How often have you made a group assignment only to hear “I hate working in groups?” In fact, how many times have you worked as part of a group, only to feel frustrated? POGIL requires students to work in self-managed teams, generally of three or four students. So how does an instructor facilitate the groupwork so that it is productive and even enjoyable?
Below, one of my students writes about the roles students have taken on in her group. Her words prove to me that talking to students about roles, and asking them to use roles, is not silly – it is critical to the success of the groupwork.

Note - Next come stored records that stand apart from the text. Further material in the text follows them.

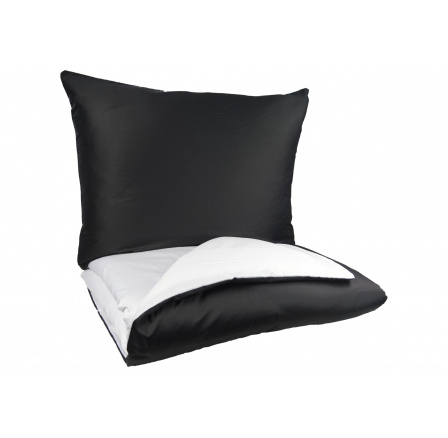 Predĺžené obliečky Satén UNI DUO 140x220, 70x90cm čierna/biela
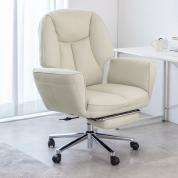 ソファチェア 収納式オットマンつき スエード調生地 ベージュ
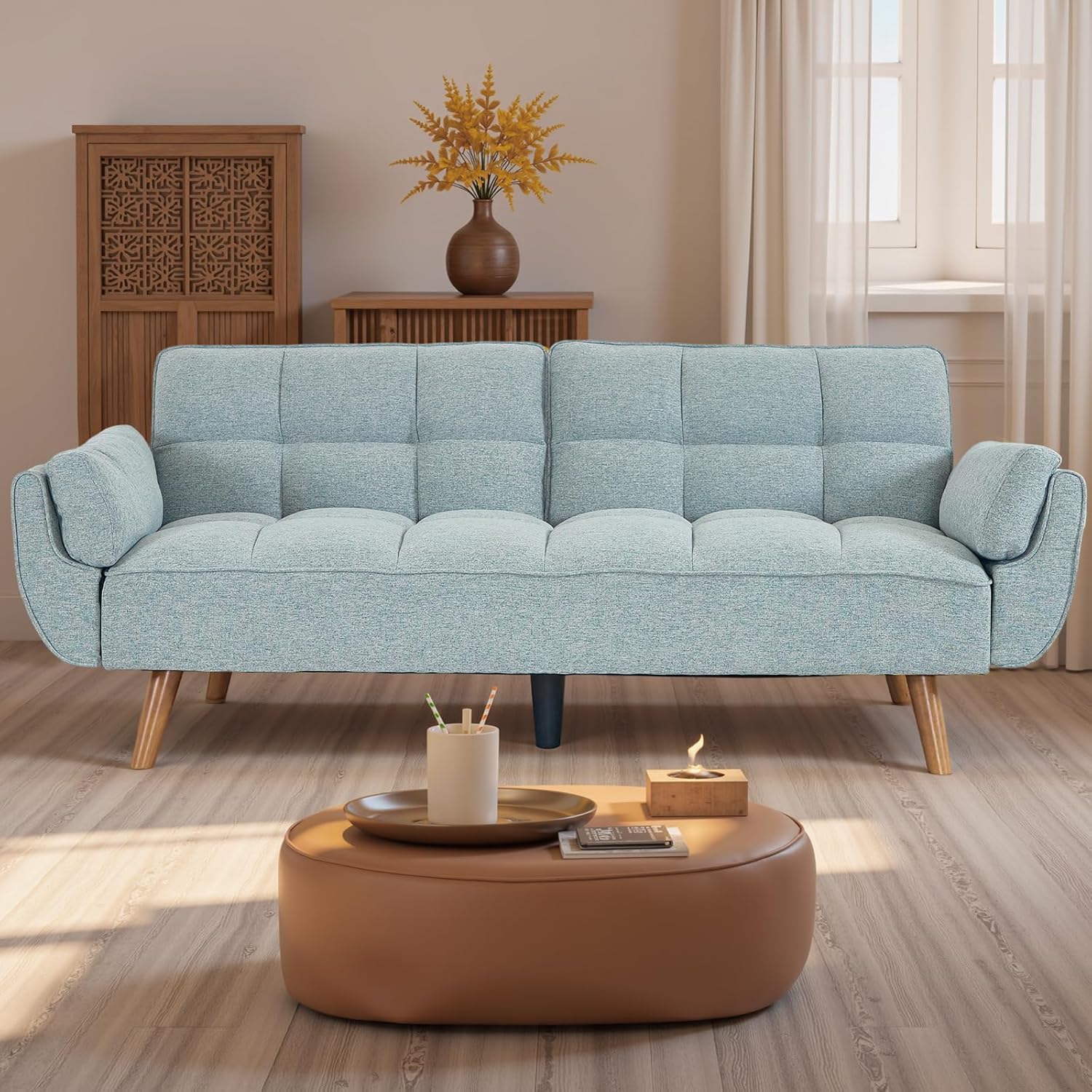 73.9" Futon Couch Bed for Office& Apartment, Convertible Futon Sofa Bed, Comfy Love Seat Sleeper with Adjustable Backrest, Small Couches for Small Spaces, Living Room, Bedroom (Light Grey)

After briefly talking about group roles in class I felt that our group worked through the activities better. Generally I felt that my role became the question-asker. If I saw key words or concepts that I thought we should define together in the process of working through questions, I asked the group and we worked through definitions together. This particularly helped us when we were stumped on model two of activity S3 … One of my group members is strong in calculus and partial differentials. Whenever we needed to derive or write out a mathematical relationship to the concepts we discussed he was able to guide and help make sure we understood the answer and helped us with any questions we had. Another of my group member did well with visualizing models and coming up with example models to explain difficult concepts and how they relate to one another. With his help we were able to get a clear picture in our heads of the relationship between variables. The last (but not least) group member was good at keeping us on task with discussions. He kept us focused by considering how our discussions would be relevant to the questions being asked and to make sure we were moving through all the questions in the activities. These were the general trends I saw but I do not want to box anyone in to their roles. I think all of us at some point have done each of these roles to learn about the concepts being discussed.